→ **Work instruction**:
Retype exactly the span of lines below from the one with "我和26岁美女房客韩漫全集-第158话 我是他女朋友无删减无遮挡章节图片" through the one with "Ornellaia 2018 La". Do not include pictures.

→ **Input data**:
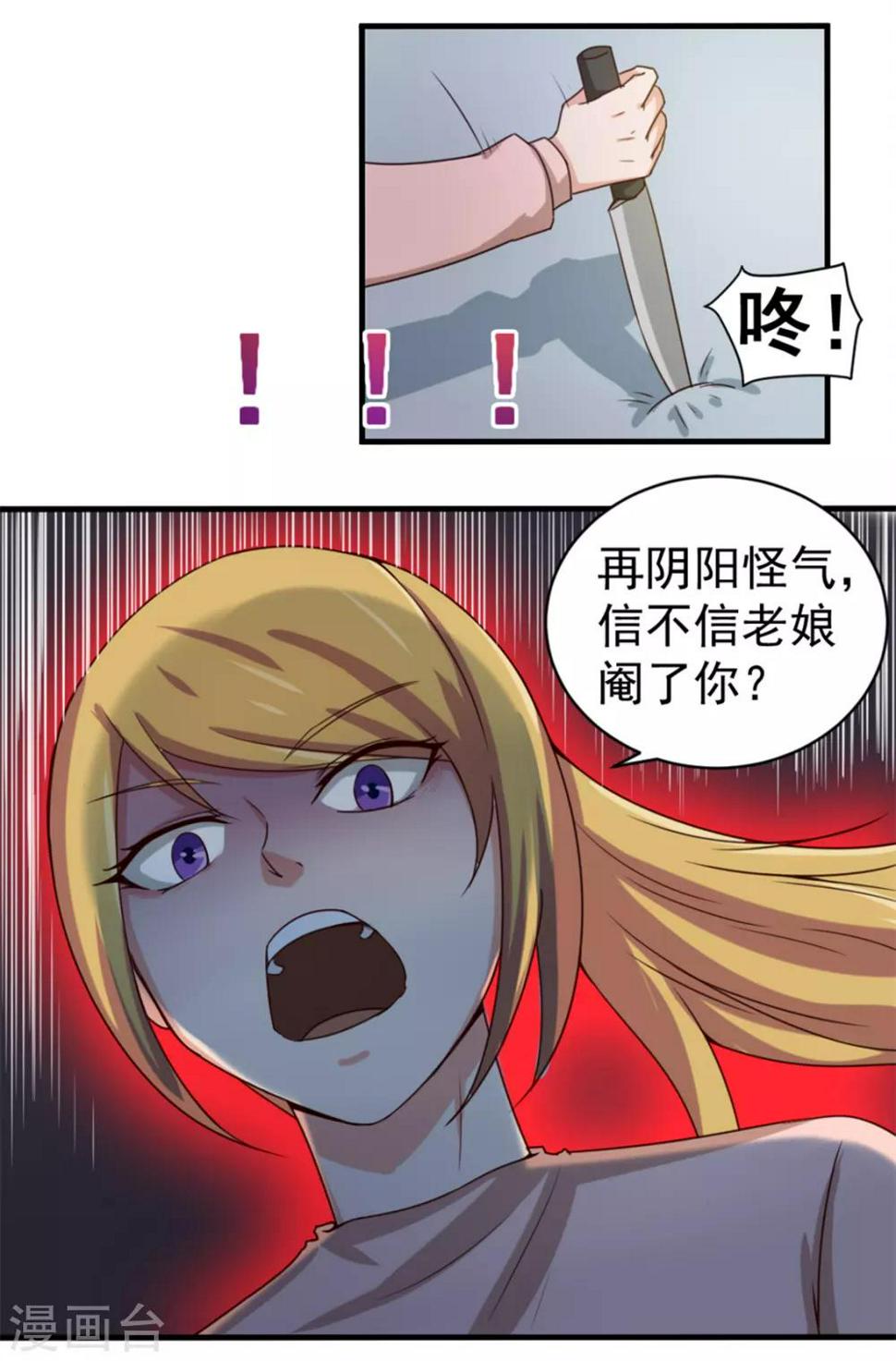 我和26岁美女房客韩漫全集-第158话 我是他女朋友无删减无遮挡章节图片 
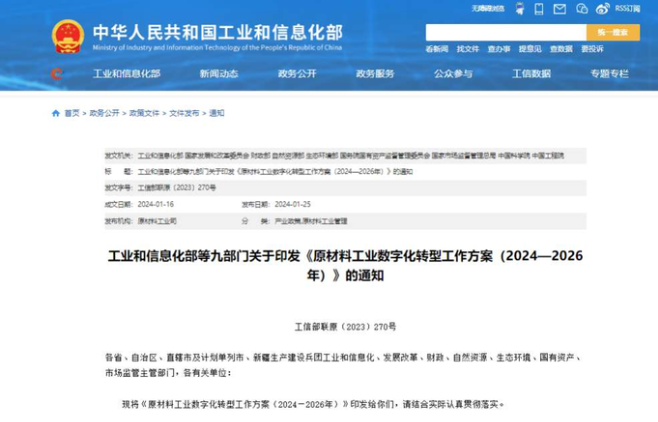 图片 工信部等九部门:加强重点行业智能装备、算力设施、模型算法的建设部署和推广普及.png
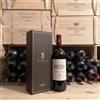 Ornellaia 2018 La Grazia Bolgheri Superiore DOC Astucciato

==

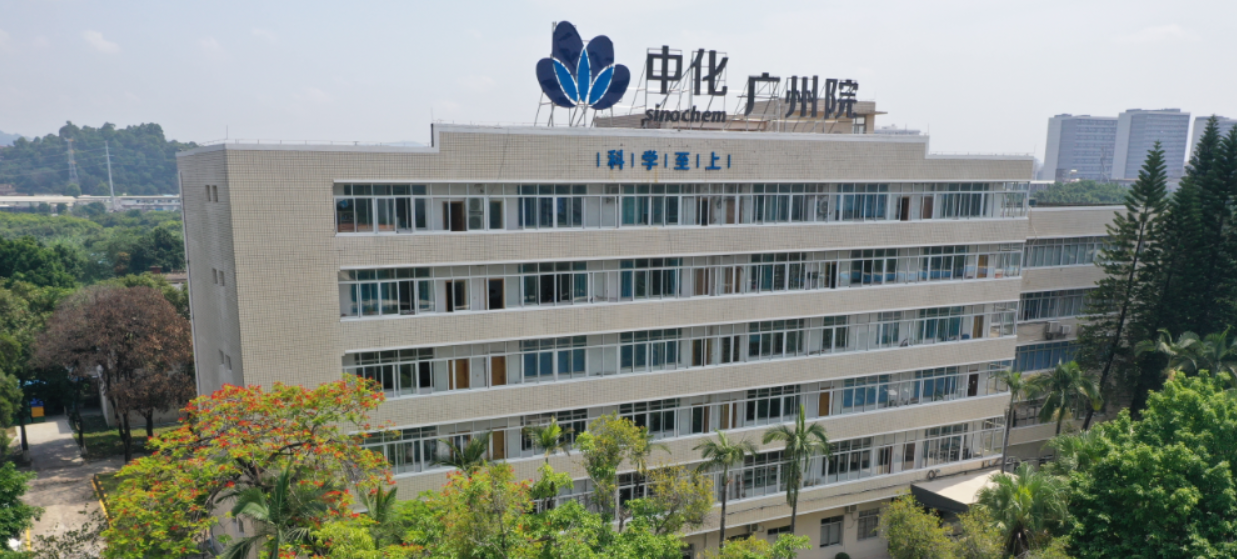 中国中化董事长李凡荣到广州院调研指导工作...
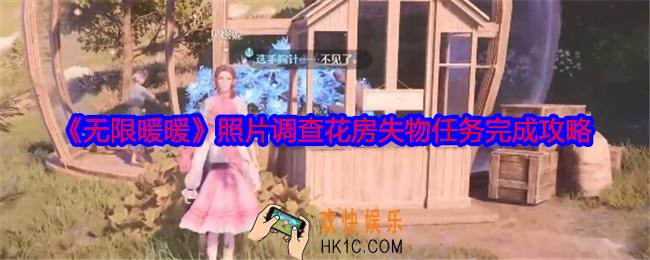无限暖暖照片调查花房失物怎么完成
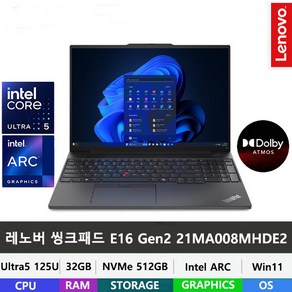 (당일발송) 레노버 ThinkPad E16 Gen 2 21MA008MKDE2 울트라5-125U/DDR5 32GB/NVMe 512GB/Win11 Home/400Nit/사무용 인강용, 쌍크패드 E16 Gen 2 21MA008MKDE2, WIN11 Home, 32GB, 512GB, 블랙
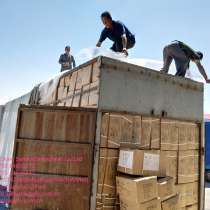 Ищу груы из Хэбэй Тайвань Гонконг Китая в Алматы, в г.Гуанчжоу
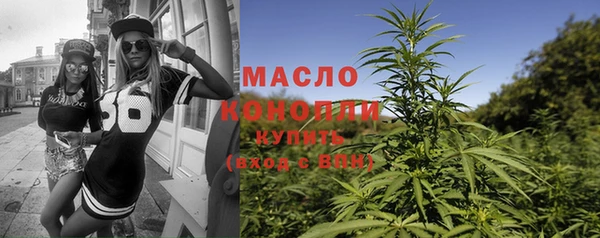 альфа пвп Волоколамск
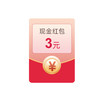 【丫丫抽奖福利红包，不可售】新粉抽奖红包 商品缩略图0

==

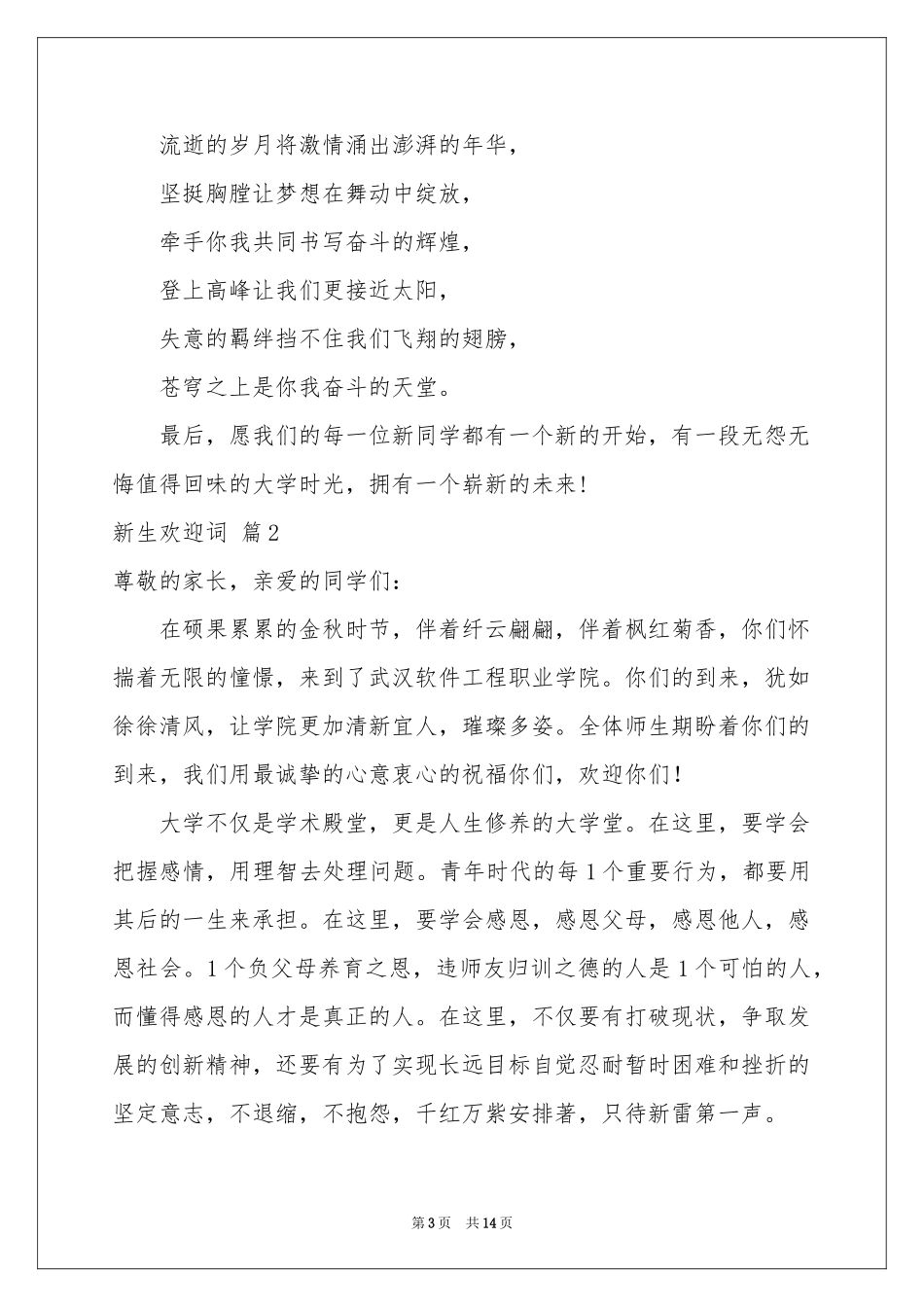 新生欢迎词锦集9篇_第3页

→ **The completed task**:
 我和26岁美女房客韩漫全集-第158话 我是他女朋友无删减无遮挡章节图片 
 图片 工信部等九部门:加强重点行业智能装备、算力设施、模型算法的建设部署和推广普及.png
 Ornellaia 2018 La Grazia Bolgheri Superiore DOC Astucciato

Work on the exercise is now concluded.